#### [Task goal]
Give back the data exactly, with no images.

#### [Data below]
++++++++++
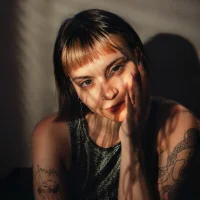 SeanVerfaillie Immagine Avatar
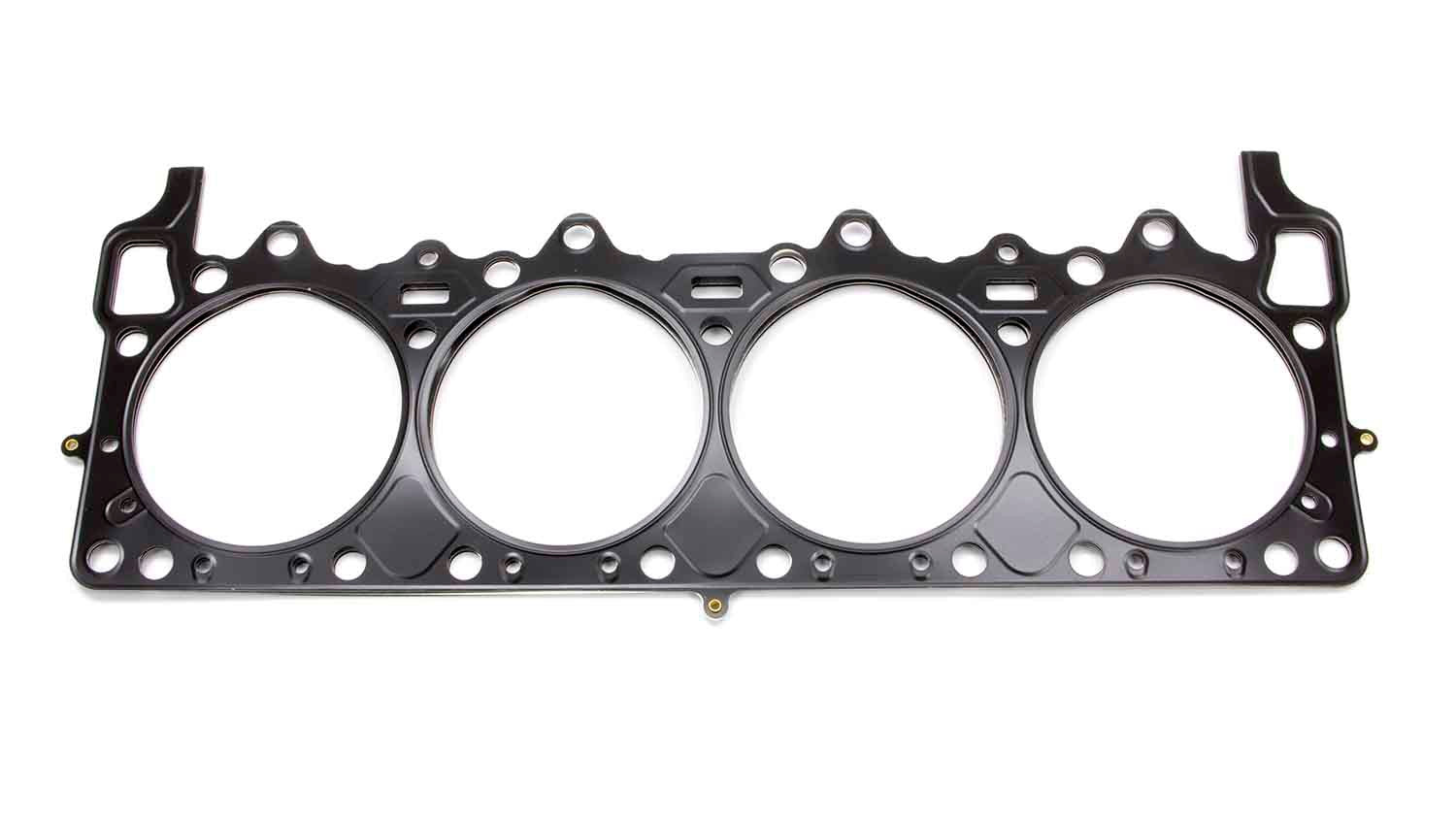 C5455-040 COMETIC GASKETS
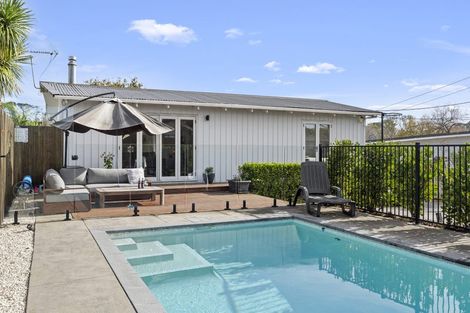Photo of property in 36 Trigg Road, Huapai, Kumeu, 0810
++++++++++
#### [Expected output]
 SeanVerfaillie Immagine Avatar
 C5455-040 COMETIC GASKETS
Photo of property in 36 Trigg Road, Huapai, Kumeu, 0810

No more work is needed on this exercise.